Content starts

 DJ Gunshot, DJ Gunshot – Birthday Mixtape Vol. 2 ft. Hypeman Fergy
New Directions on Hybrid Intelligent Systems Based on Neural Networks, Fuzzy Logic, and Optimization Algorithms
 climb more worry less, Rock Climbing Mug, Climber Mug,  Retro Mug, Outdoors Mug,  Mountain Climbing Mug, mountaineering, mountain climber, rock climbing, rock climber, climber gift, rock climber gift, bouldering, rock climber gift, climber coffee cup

Content ends
Content starts

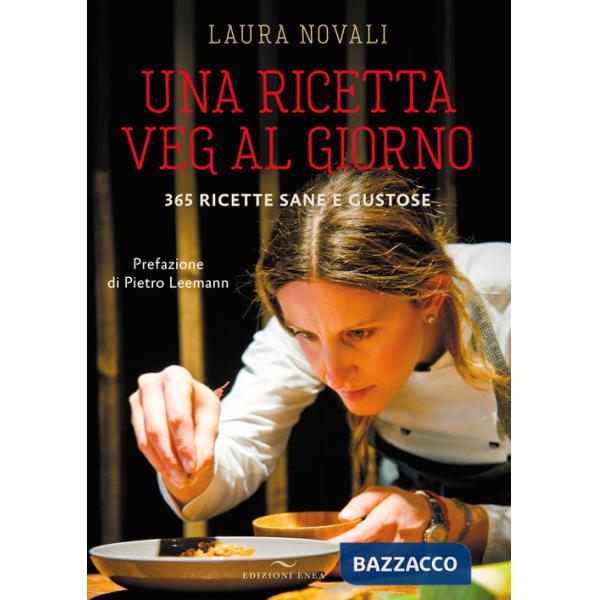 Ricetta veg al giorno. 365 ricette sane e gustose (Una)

Content ends

**The task:** Beginning at the line with "DJ Gunshot, DJ" and stopping after the line with "climb more worry", please write out every line of the data above exactly and nothing else.

**Result of the exercise:**
 DJ Gunshot, DJ Gunshot – Birthday Mixtape Vol. 2 ft. Hypeman Fergy
New Directions on Hybrid Intelligent Systems Based on Neural Networks, Fuzzy Logic, and Optimization Algorithms
 climb more worry less, Rock Climbing Mug, Climber Mug,  Retro Mug, Outdoors Mug,  Mountain Climbing Mug, mountaineering, mountain climber, rock climbing, rock climber, climber gift, rock climber gift, bouldering, rock climber gift, climber coffee cup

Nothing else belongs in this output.